## PROMPT:
Could each entry below be written out exactly, with every picture dropped?

## MATERIAL PROVIDED:
== Segment start ==

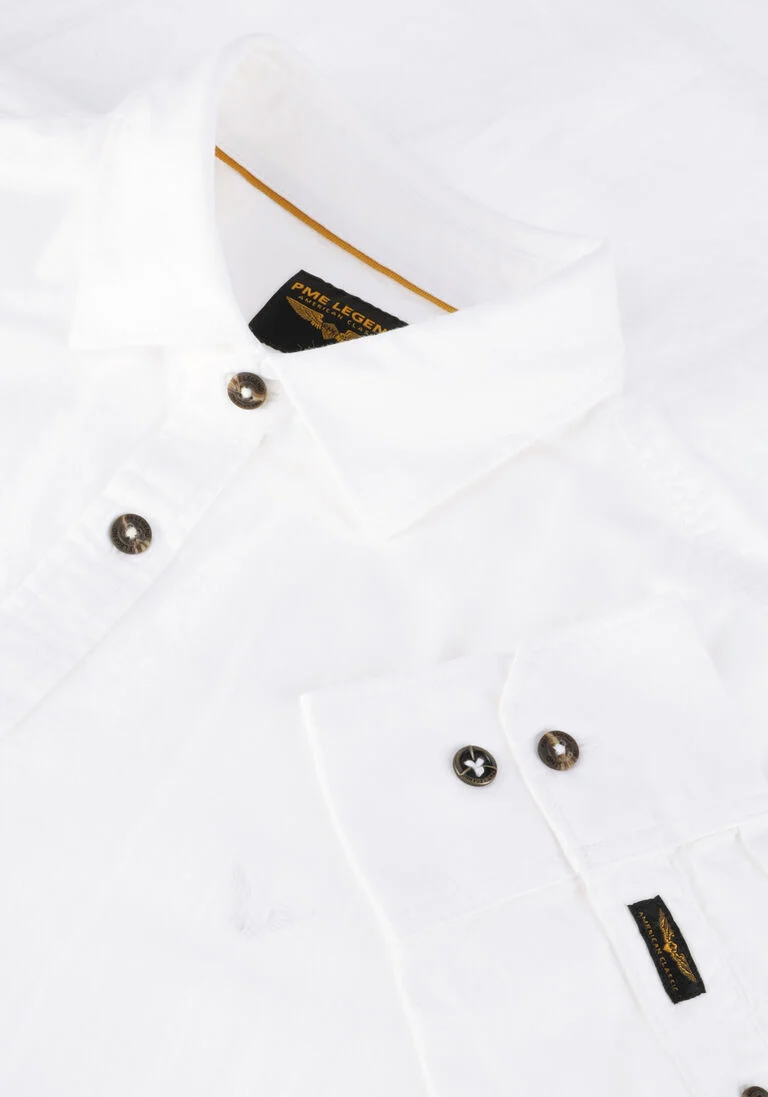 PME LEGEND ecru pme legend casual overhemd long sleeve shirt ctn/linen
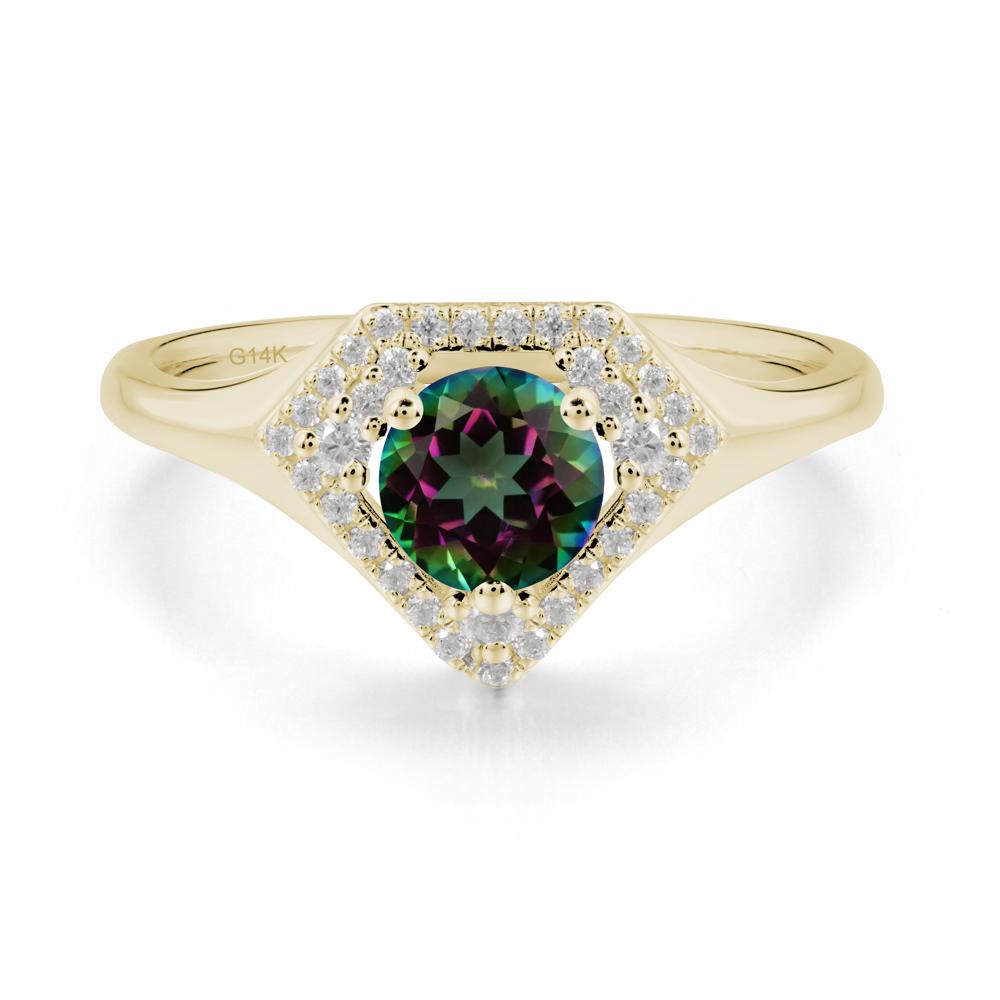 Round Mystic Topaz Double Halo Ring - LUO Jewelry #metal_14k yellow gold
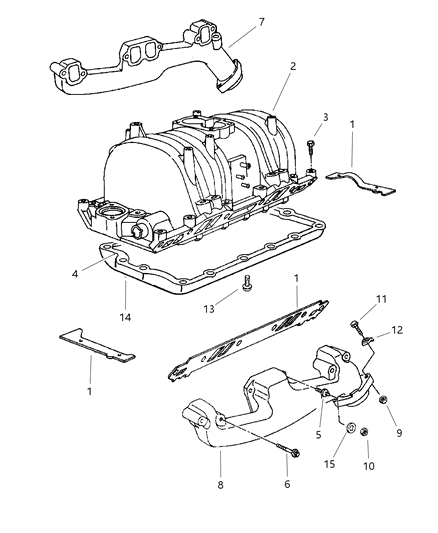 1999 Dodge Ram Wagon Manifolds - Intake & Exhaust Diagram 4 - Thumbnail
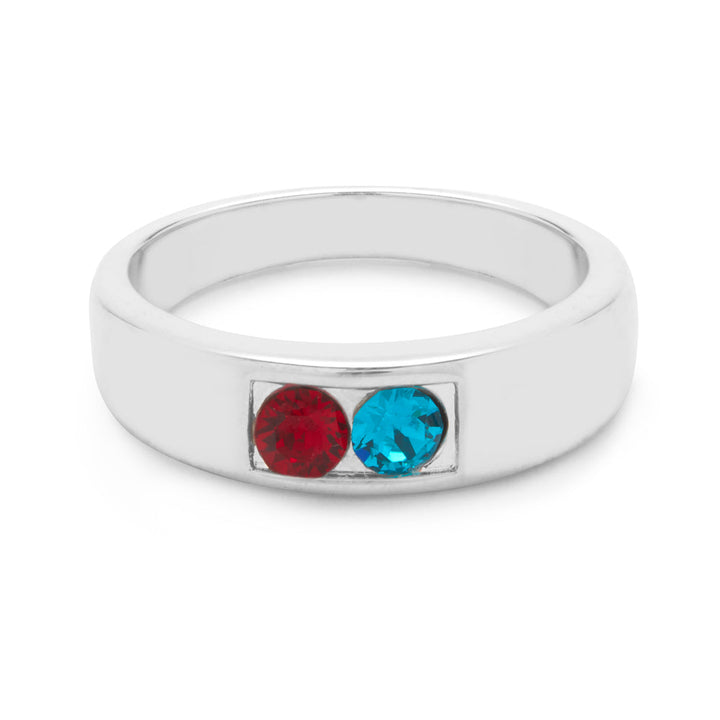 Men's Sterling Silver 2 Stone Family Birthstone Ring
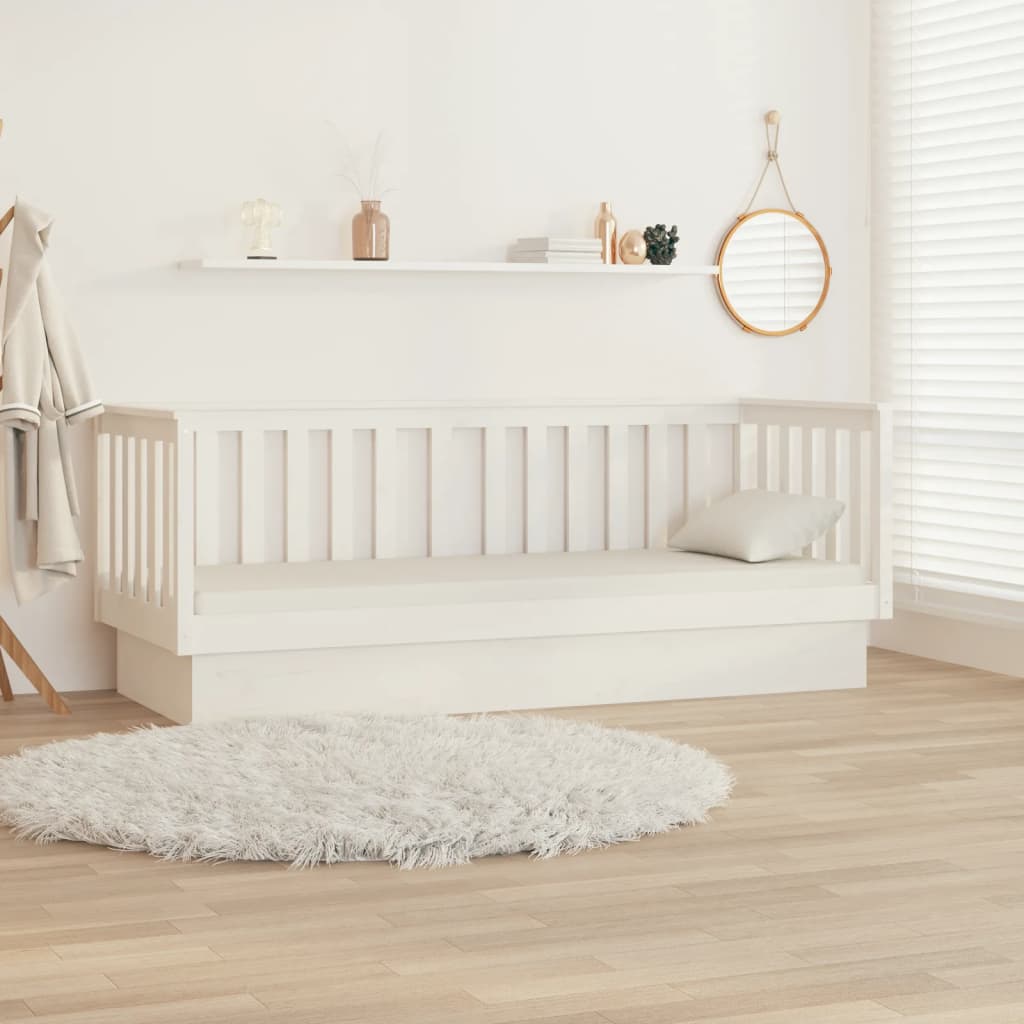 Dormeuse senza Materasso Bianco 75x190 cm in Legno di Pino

== Segment end ==

## RESULT OF THE EXERCISE:
 PME LEGEND ecru pme legend casual overhemd long sleeve shirt ctn/linen
 Round Mystic Topaz Double Halo Ring - LUO Jewelry #metal_14k yellow gold
 1999 Dodge Ram Wagon Manifolds - Intake & Exhaust Diagram 4 - Thumbnail
 Men's Sterling Silver 2 Stone Family Birthstone Ring
 Dormeuse senza Materasso Bianco 75x190 cm in Legno di Pino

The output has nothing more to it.